Pulmonary Surfactant Protein D Inhibits Lipopolysaccharide (LPS)‐Induced Inflammatory Cell Responses by Altering LPS Binding to Its Receptors

Pulmonary sufactant protein D (SP‐D), member of the collectin family, plays an important role in regulating innate immunity of the lung. We examined the mechanisms by which SP‐D modulates lipopolysaccharide (LPS)‐elicited inflammatory cell responses. SP‐D bound to a complex of Toll‐like receptor 4 (TLR4) and MD‐2, and down‐regulated TNF‐α secretion and NF‐κB activation elicited by LPS, in alveolar macrophages and TLR4/MD‐2‐transfected HEK293 cells.

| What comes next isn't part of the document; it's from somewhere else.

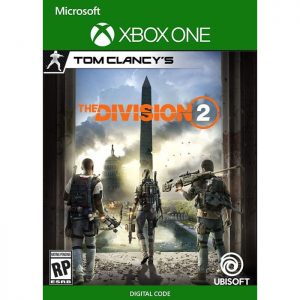 The Division 2 sur Xbox One code dématérialisé copie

Cell surface binding of LPS to TLR4/MD‐2‐expressing cells was attenuated by SP‐D. In addition, SP‐D significantly reduced MD‐2 binding to both serotypes of LPS. A chimera containing the amino‐terminal region and the collagenous domain of surfactant protein A, and the coiled‐coil neck and lectin domains of SP‐D, was a weak inhibitor of LPS‐induced cell responses and MD‐2 binding to LPS, compared to native SP‐D. The collagenase‐resistant fragment consisting of the neck plus the carbohydrate recognition domain of SP‐D also was a very weak inhibitor of LPS activation. This study demonstrates that SP‐D down‐regulates LPS‐elicited inflammatory responses by altering LPS binding to its receptors, and reveals the importance of the correct oligomeric structure of the protein in this process. This works was supported in part by a Grant‐in‐Aid for scientific research from the MEXT, Japan.